Let $S=\{-m + {1\over n}\}$ where $m ,n \in \mathbb N$ , and prove that $\{-1,1\}$ are the limit points.
My approach : I understand what a limit point is - that every neighbourhood of the point contain some point of Set $S$.
if $n\to\infty$ and $m=1$ then surely $-1$ is the limit point as every neighborhood of $-1$ should contain some point of $S$.
I am not able to prove the same for $1$ , as I can find a neighborhood $[0.5,2]$ which has no element of $S$.
Is my logic correct? also how do I develop a mathematically rigorous proof of same?
The set $L$ of limit points of $S$ is $-\mathbb N = \{-m : m \in \mathbb{N}\}$.
Indeed, $x_n = -m + \frac{1}{n}$ converges to $-m$.

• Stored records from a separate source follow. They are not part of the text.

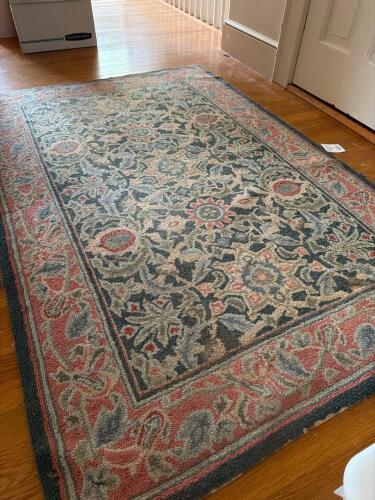 64X42" Floral Pattern Wool Rug in Arts & Crafts Style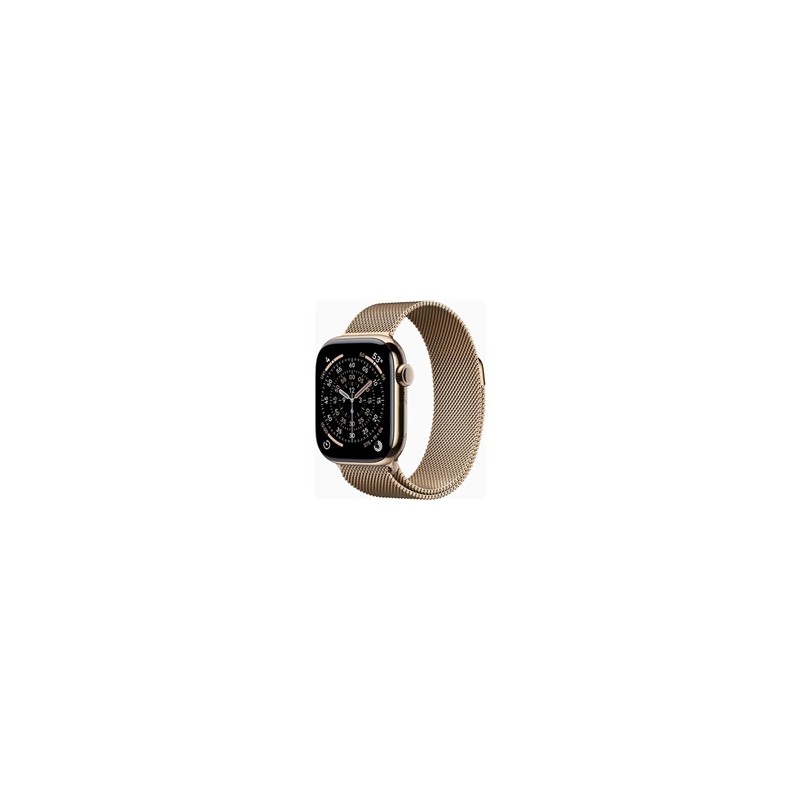 Apple Watch Series 11 GPS + Cellular 42mm Gold Titanium Case with Gold Milanese Loop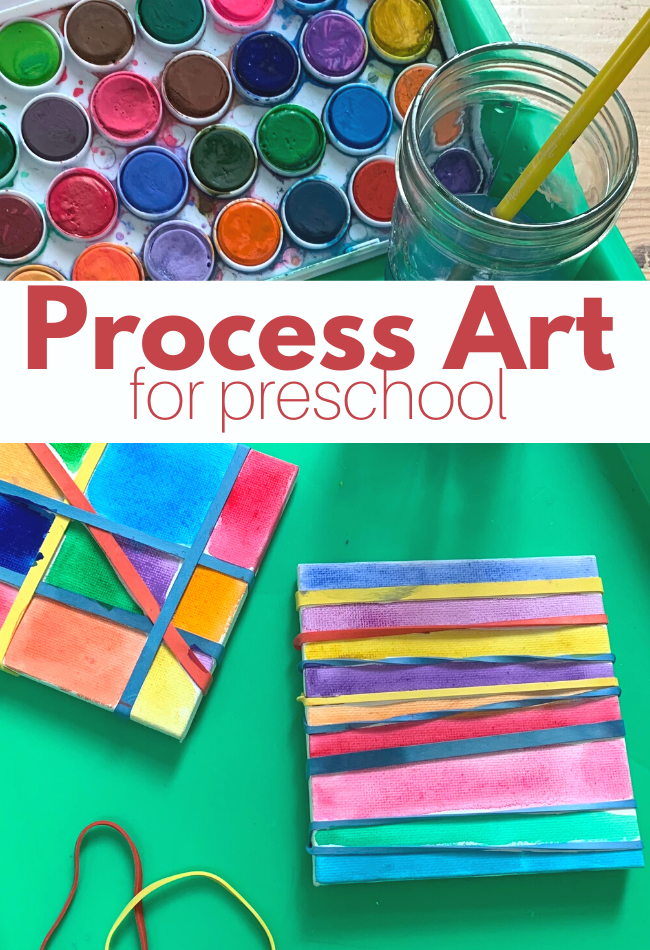 Rubber Band Resist - Preschool Process Art - No Time For Flash Cards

Indeed, let $a \in L$. Note that $S \subseteq \bigcup_{m \in \mathbb N} J_m$, where $J_m=[-m,-m+1)$ are disjoint intervals. Therefore, there is exactly one interval $J_m$ containing $a$. But in $J_m$ the elements of $S$ form a monotone sequence converging to $-m$. Therefore, $a=-m \in -\mathbb N$.